**Task details**. With the pictures removed, set down all of the entries below exactly.

Saved entries:
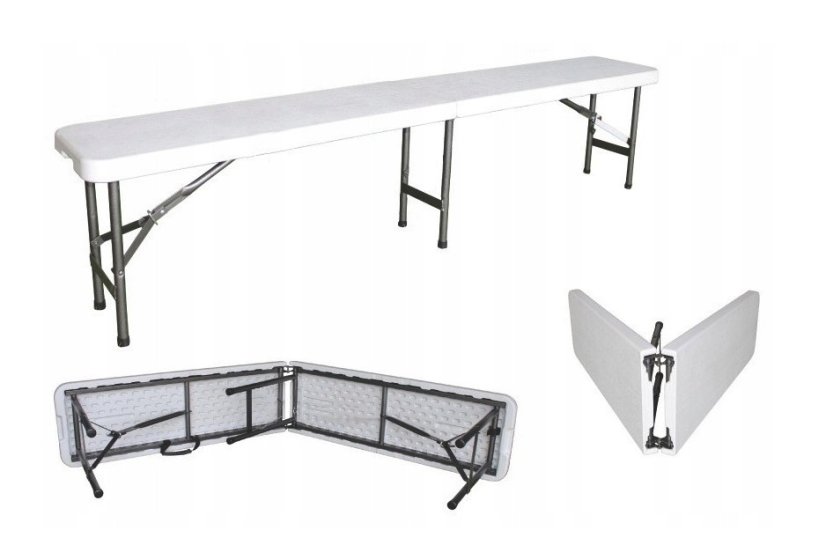 2 kusy cateringových skládacích laviček v bílé barvě 180 cm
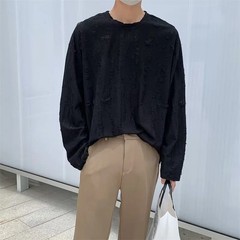 Men’s Distressed Long Sleeve T-Shirt Harajuku Aesthetic Ripped Pullover Top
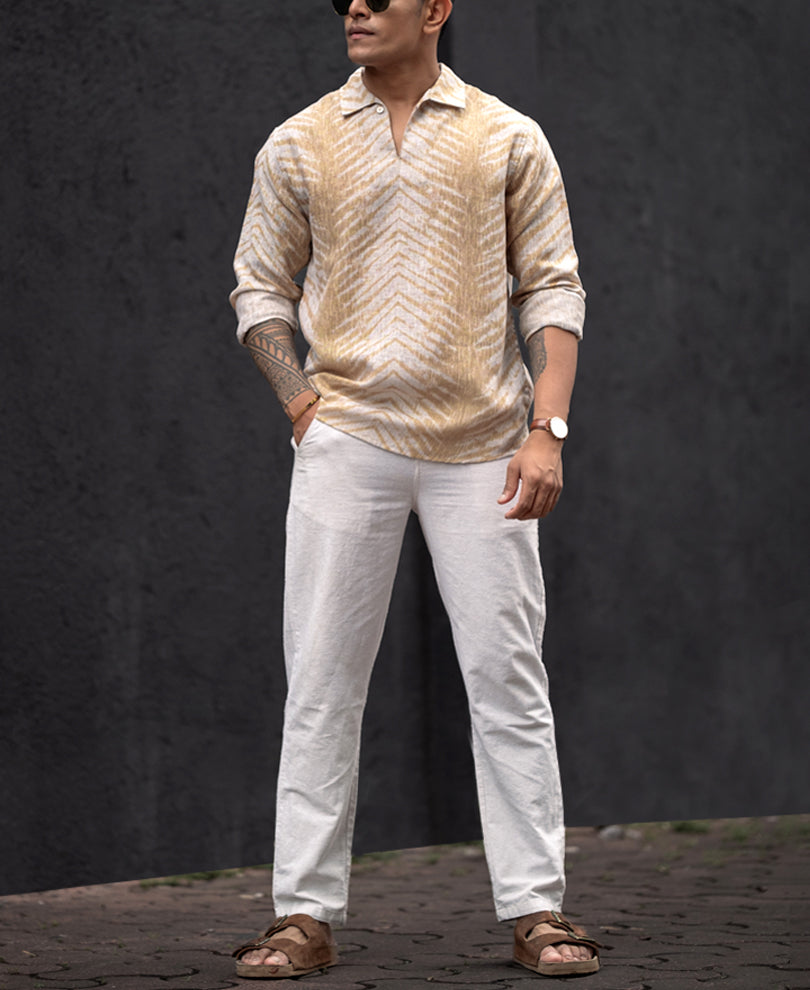 Yellow Regular Fit Full Sleeves Shirt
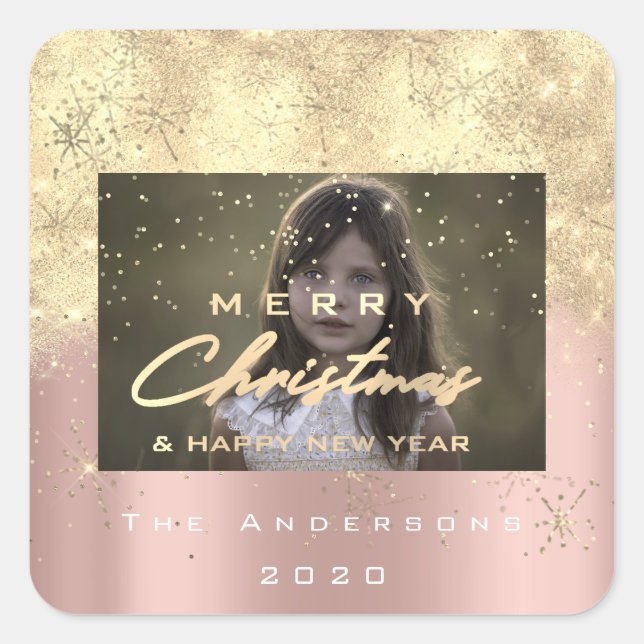 Frohe Weihnachten New Sepia Gold Glitzer Foto Rose Quadratischer Aufkleber (Vorderseite)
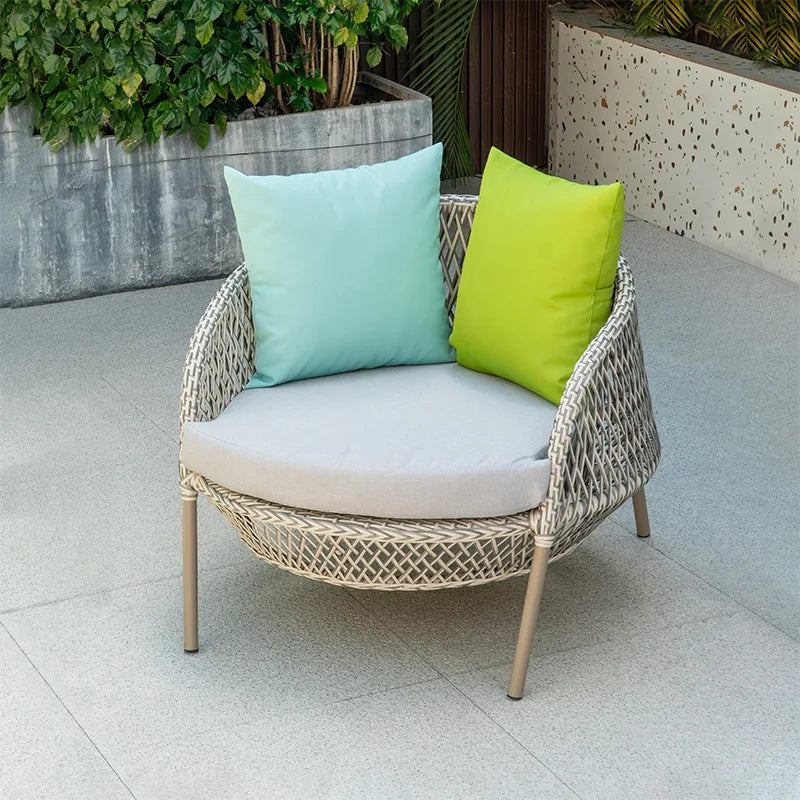 Outdoor courtyard sofa hotel B & B open-air balcony rattan chair furniture leisure rattan single sofa coffee table combination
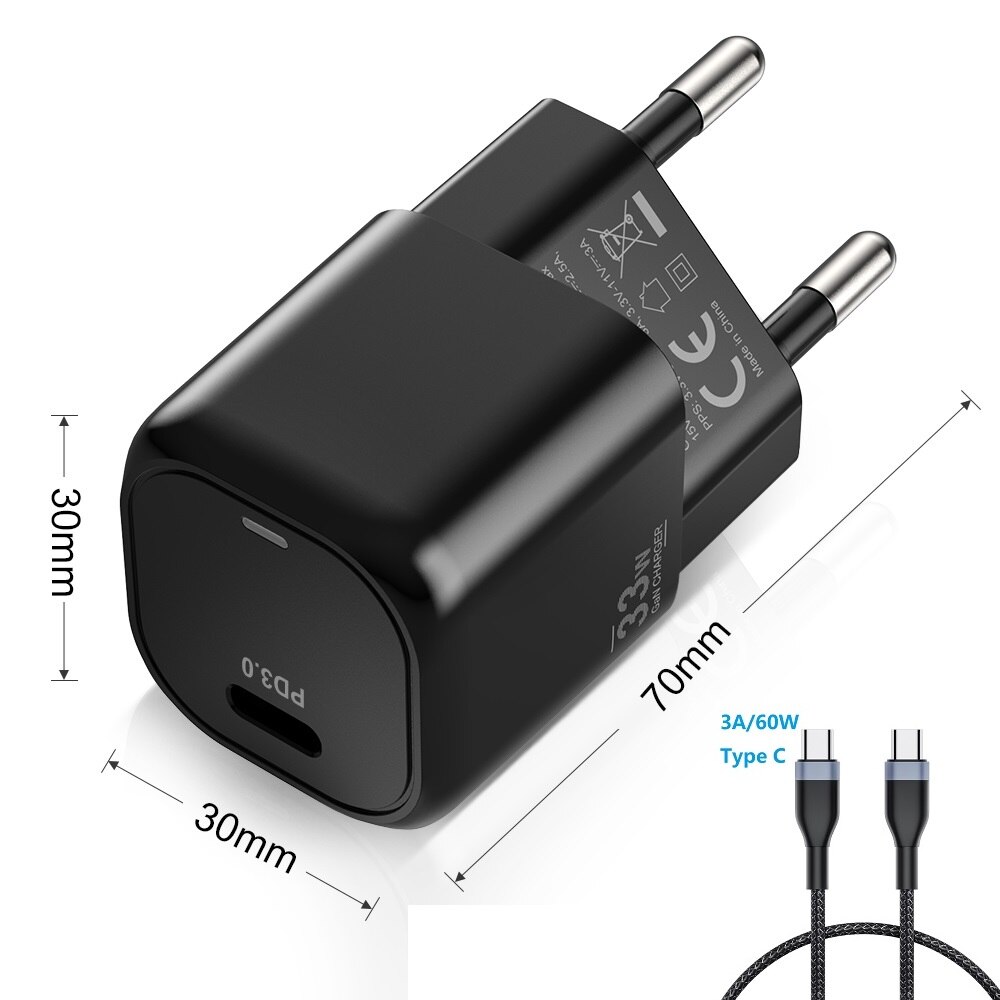 Electop 33W Usb C Gan Charger Met Led Fast Charger Pps Pd 3.0 Type C Fast Charger Voor Iphone 13 12 11 Samsung Laptop Adapter: EU Black C-C Cable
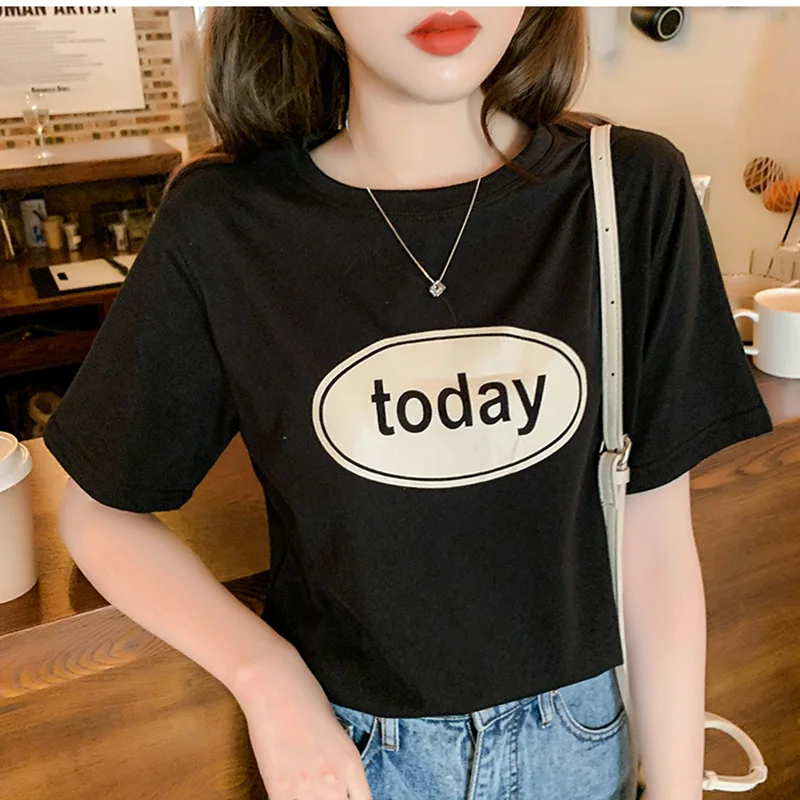 

Casual Cotton Basic Printing Loose T-shirt Women Short Sleeve Tee Shirts Female Letter Tees Ladies Summer Tops y2k Harajuku
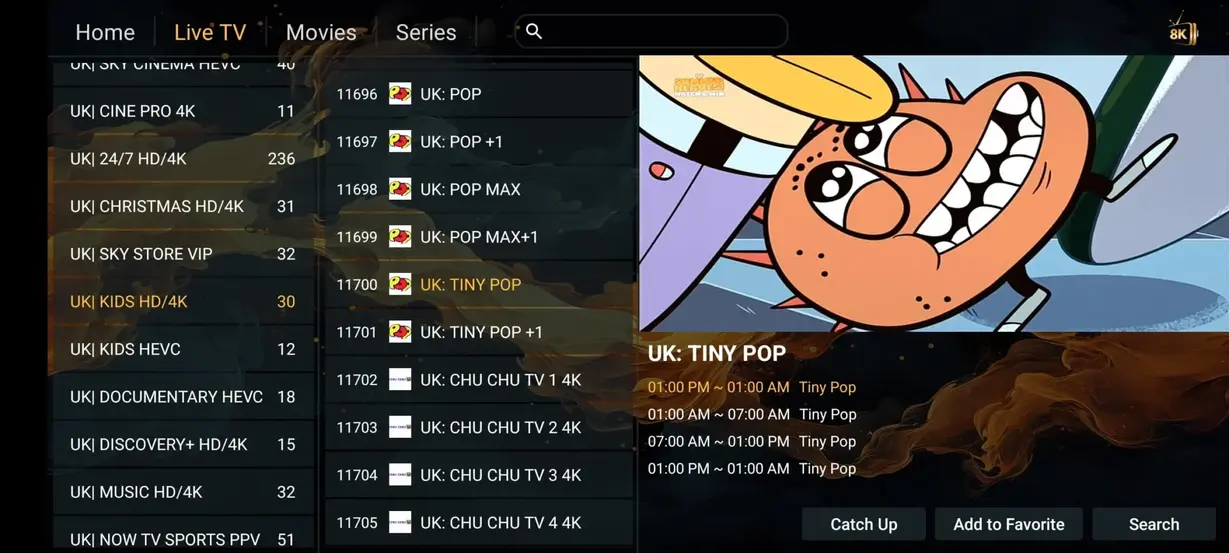 Pro IPTV modern electronic program guide EPG and interface preview 9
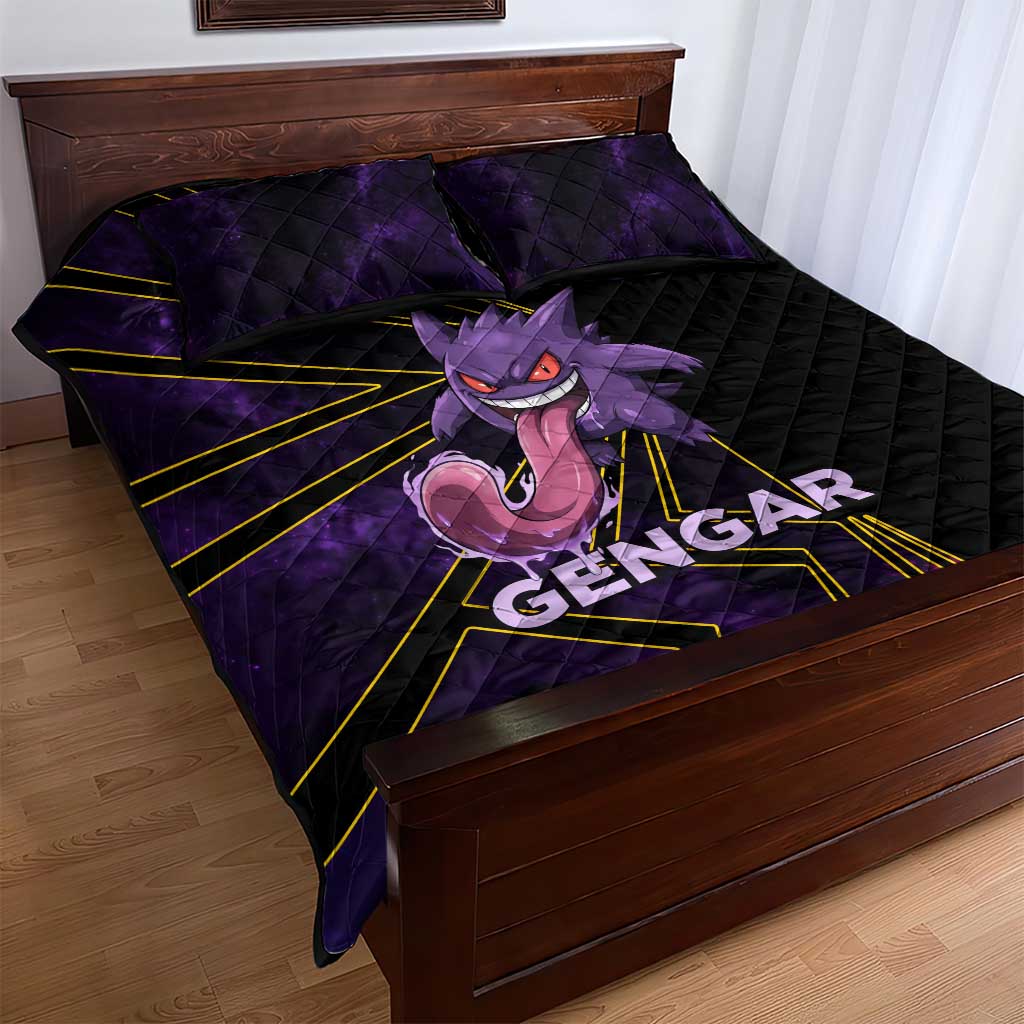 Gengar Poké Quilt Bed Set Neon Shadow Comic Style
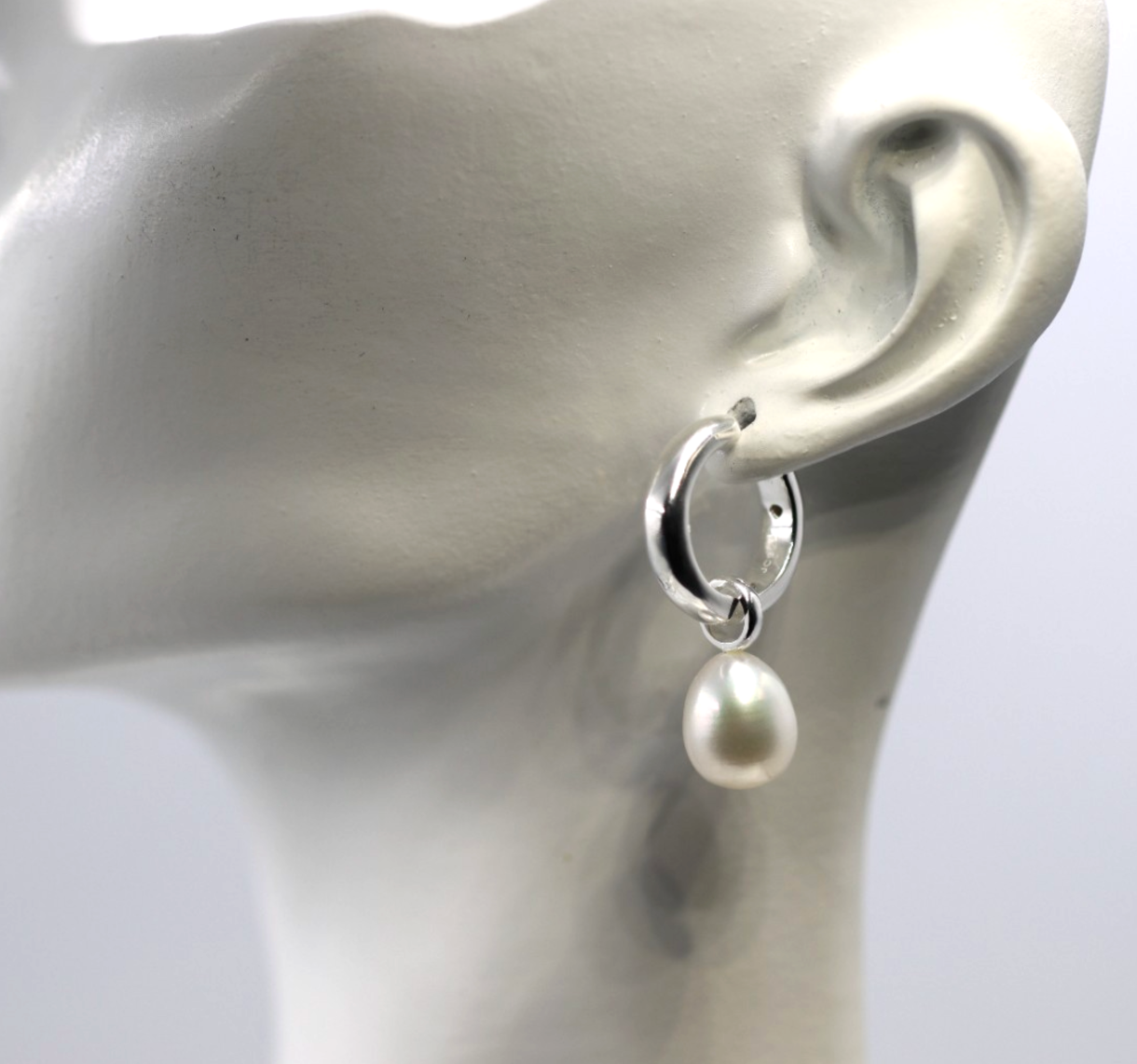 Sterling Silver 925 Oval Freshwater Cultured Pearl Huggies Earrings
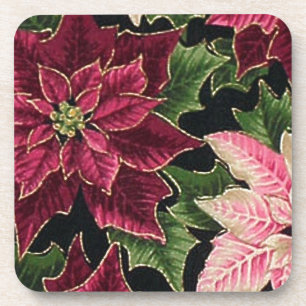 Porta-copo Retro 50s Poinsettia Burgundy Rosa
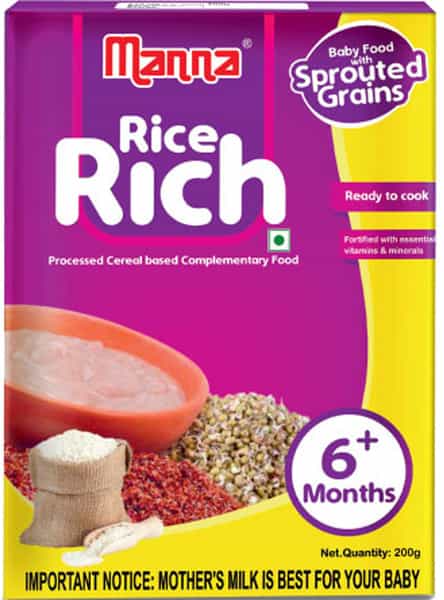 Manna Rice Rich 200G Box | Baby Cereals |Nutrition Food| 6+ Months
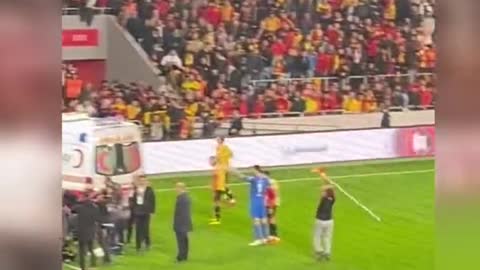 Fan Hits Goalkeeper with Corner Flag!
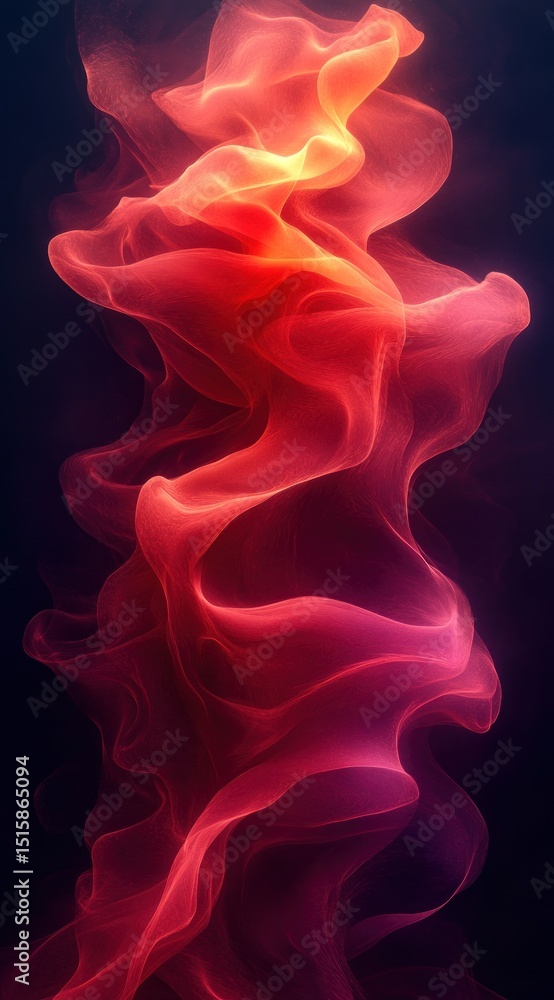 Obraz premium Dynamic abstract design featuring vibrant hues of red and pink.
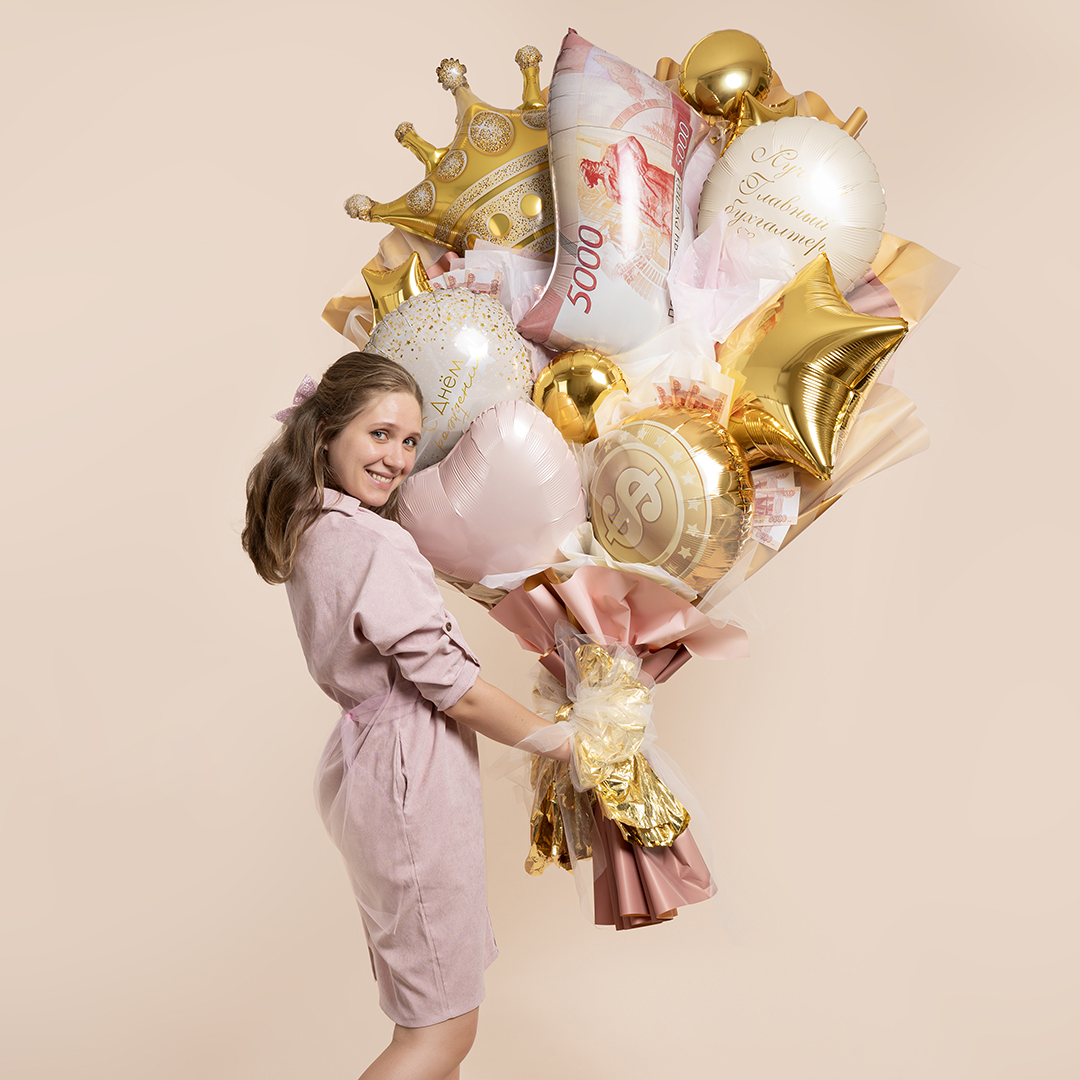 Шар (18''/46 см) Круг, Знак Доллара, Золото, 1 шт.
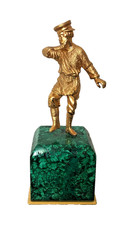 Antique Russian Gilded Bronze on Natural Malachite Stone Base Dancer Figurine.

**Solution for this task**.
 2 kusy cateringových skládacích laviček v bílé barvě 180 cm
 Men’s Distressed Long Sleeve T-Shirt Harajuku Aesthetic Ripped Pullover Top
 Yellow Regular Fit Full Sleeves Shirt
 Frohe Weihnachten New Sepia Gold Glitzer Foto Rose Quadratischer Aufkleber (Vorderseite)
 Outdoor courtyard sofa hotel B & B open-air balcony rattan chair furniture leisure rattan single sofa coffee table combination
 Electop 33W Usb C Gan Charger Met Led Fast Charger Pps Pd 3.0 Type C Fast Charger Voor Iphone 13 12 11 Samsung Laptop Adapter: EU Black C-C Cable

Casual Cotton Basic Printing Loose T-shirt Women Short Sleeve Tee Shirts Female Letter Tees Ladies Summer Tops y2k Harajuku
 Pro IPTV modern electronic program guide EPG and interface preview 9
 Gengar Poké Quilt Bed Set Neon Shadow Comic Style
 Sterling Silver 925 Oval Freshwater Cultured Pearl Huggies Earrings
 Porta-copo Retro 50s Poinsettia Burgundy Rosa
 Manna Rice Rich 200G Box | Baby Cereals |Nutrition Food| 6+ Months
 Fan Hits Goalkeeper with Corner Flag!
 Obraz premium Dynamic abstract design featuring vibrant hues of red and pink.
 Шар (18''/46 см) Круг, Знак Доллара, Золото, 1 шт.
 Antique Russian Gilded Bronze on Natural Malachite Stone Base Dancer Figurine.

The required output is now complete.